#InConversation with Avijit Dutta

By Sanjana Srinivasan | Dec 11 2023 · 5 mins

Born in West Bengal, Avijit Dutta’s practice is a reflection of his surroundings, home, community, society, and the sensitivity of time. Using opaque colours, pens, charcoal, and soil for the most part, Dutta depicts several objects through his work. The artist believes that small objects are used for various activities in the daily lives of communities from lower to the middle-class. He tries to use these objects as metaphors to indicate different social conditions.Here, Sanjana speaks to Avijit about his practice.
Sanjana - Can you share the story of what inspired you to focus on the iron industry and industrial landscapes of Howrah in your art?

Avijit- I mainly live in the Cotton Mill and Rail industrial area of Howrah. Being adjacent to the railway gate and railway station, I was particularly influenced by the lifestyle of the common people. So, my works mainly refer to the daily life of common people in my surroundings.

I like to work with common objects, carry bag is one such object which I use in most of my artworks. It is an integral part of the daily life of common people, which is always connected with their life. They use their carry bags every day from waking up in the morning till going to bed at night.

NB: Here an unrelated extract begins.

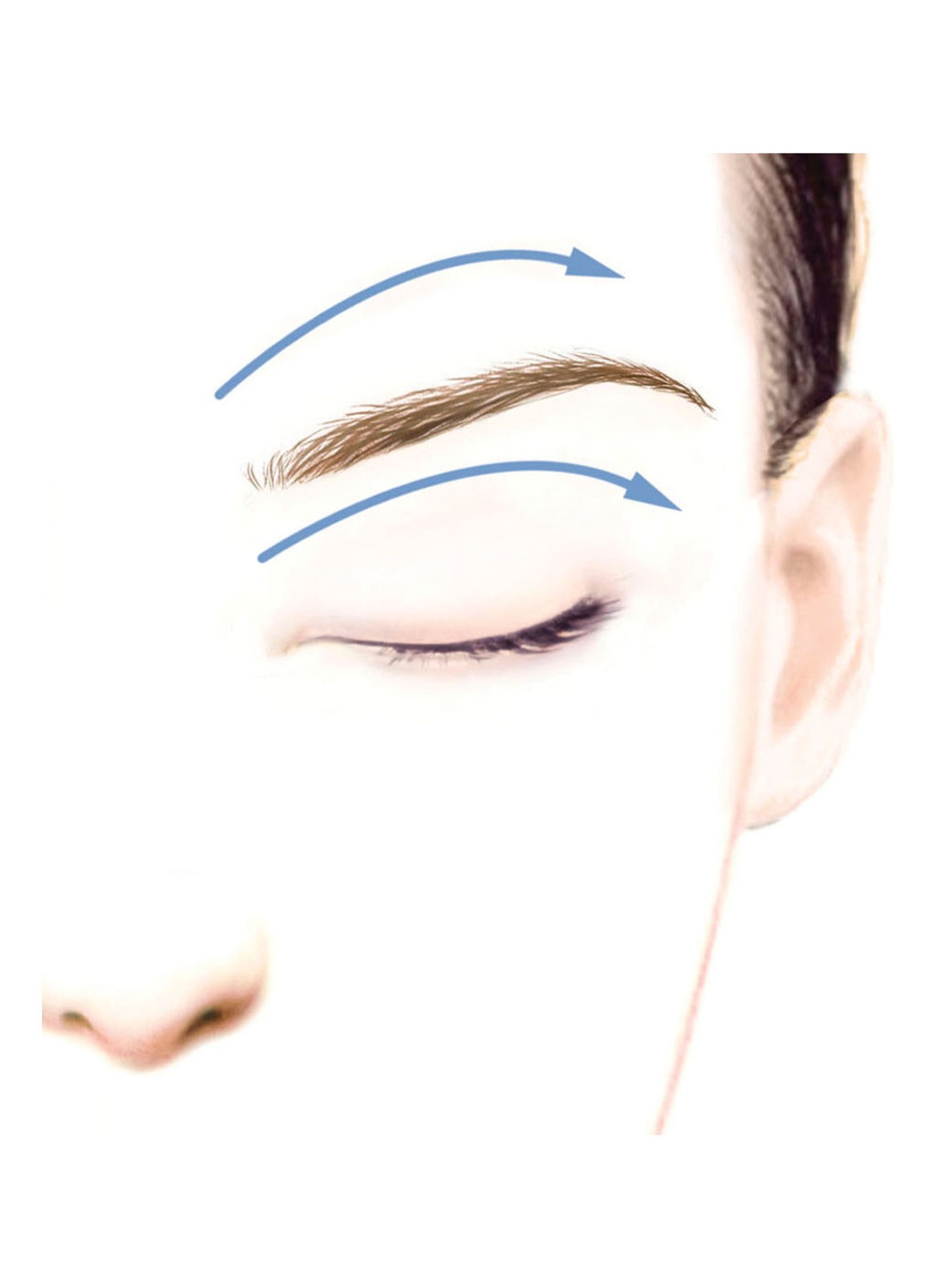 Lancôme Rénergie Yeux Multi-Lift - oogcrème - detail 4 undefined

So I cover their faces with carry bags, which refers to their apathetic reaction to other issues in the society. I feel like they are stuck in a daily life cycle, every day from the beginning of work in the morning to the end of work at night, their daily life is passing in this way. No external social or political events affect their soul and daily life. Those events are insignificant compared to the daily struggles. All their joys, enthusiasms, fatigues, leisures are constantly revolving in their life cycles. Which became the main concept of my work.

Untitled VII, 2021

The journey, 2019

Sanjana - Your art has a surreal style where everyday objects take on metaphorical roles. Can you explain the significance of these objects and how they reflect the socio-cultural fabric of Howrah?

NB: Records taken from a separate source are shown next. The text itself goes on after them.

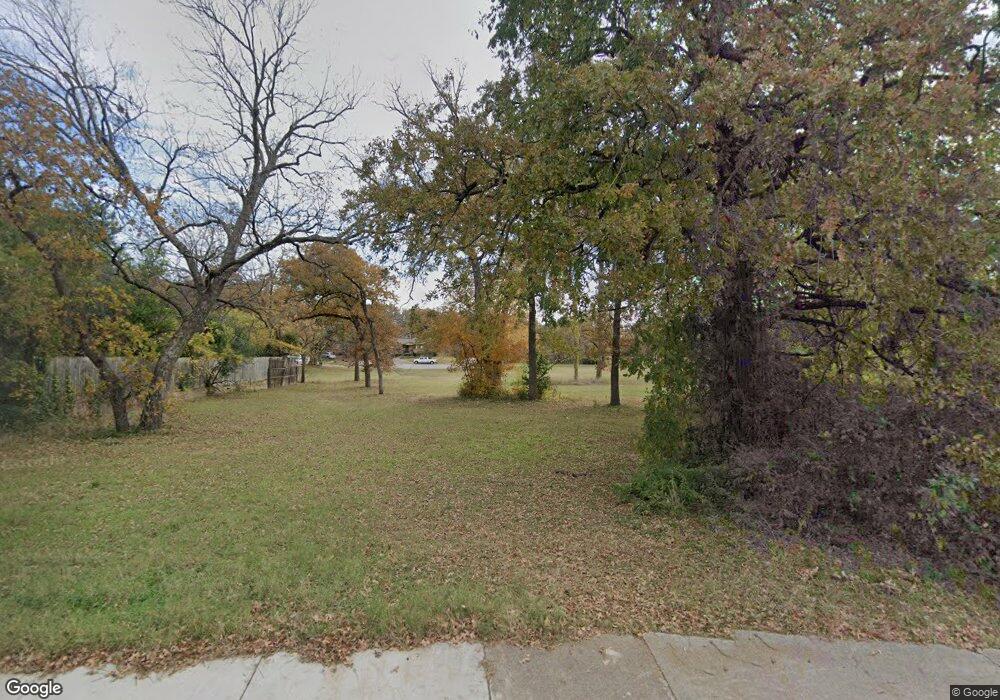 208 Brown Trail, Hurst, TX 76053 - photo 1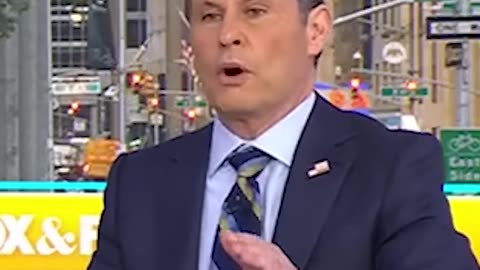 Jon Stewart goes off on Jake Tapper for Biden cover-up #news #us #book #biden #shorts #trump #fox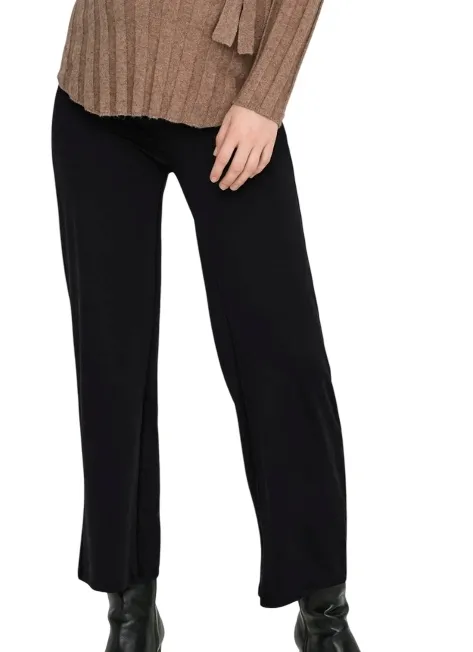 only-olmfever-spodnie-ciazowe-stan-nowy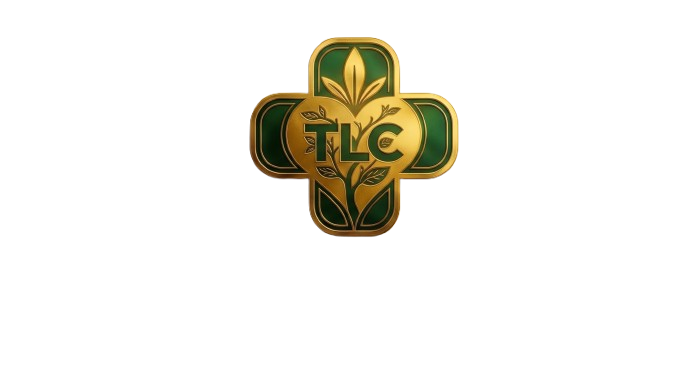 tlcmedicalcare
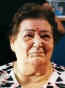 Esquela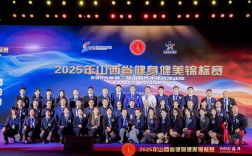 山西省体育局官网有何动态信息？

Avijit - I think the objects I use are not only metaphors for my surroundings, but also metaphors for each of our daily lives. These common objects are objects of daily use by each of us. We are emotionally attached to these simple things.
Sanjana - Your use of materials sourced from Howrah, such as Howrah soil, and the scratching technique you use add a unique dimension to your art. How do these materials and techniques enhance your visual language and connect your work to the essence of your roots?

Avijit - I mainly use soil to represent my work space, my present surroundings, the area the work dominates and the significance of the nature of that area. So it's not to do with just Howrah, if I go to work somewhere else later, maybe I will collect soil from there and use it for my own work. In that case, I may use not only the soil but maybe some other material in my work. The life journey of common people here is not very simple. People work here every day. Yet their lives stop at one place, no improvement. But there is joy in that too. Which I try to highlight in my artwork through scratching technique.

Landscape II, 2023

Sanjana - Your palette resonates with rust and earth tones. How does your choice of colours contribute to the message and atmosphere of your artwork?

Avijit - The colours of rust and earth tones that come into my art work are reflected in the changes in my art practice. Surrounding roads, railway lines, dusty, rough environment, pollution coating on trees, dull mental state of common people come out through the colours of my artwork.
Sanjana - In your pieces, you mention highlighting how the beauty of nature is fading away. Can you discuss the environmental and social messages you're conveying through your art, if any, and why these themes are important to you?

Avijit - In my area, which is mainly an iron and steel town, but in the past there were ponds, lots of trees. But currently many trees are being cut down as a result of industrial development, ponds are being filled up and roads are being built. Which is extremely harmful. I am traumatized by this, and maybe my protest is reflected in my artwork.

Landscape I, 2023

Community II, 2021

Sanjana - How do you decide on the scale and composition of your artworks? Do you have specific intentions when it comes to how the elements in your artwork interact with one another?

Avijit - I do not maintain any particular scale and composition in my work. If I feel like doing something large, I do it. But I don't like wasting paper. So, if ever a small piece of paper is damaged I try to use it.

In the case of composition, if I start with a layout first, then I do the work as I like.
Sanjana - Are there any specific artists, art movements, or sources of inspiration that have had a significant impact on your artistic journey and style?

Avijit - I am inspired by the work of all artists. But I'm more interested in surrealism, which to some extent might be reflected in my work.
Sanjana - How do you see your art evolving in the future? Are there new themes, techniques, or projects you're excited to explore in your upcoming work?

Avijit - I will take my work to a better level in the future and involve myself in more ways. I think this art practice is a journey. So, in the meantime I hope new methods and techniques will be reflected in my art practice. Which may be reflected in my new projects.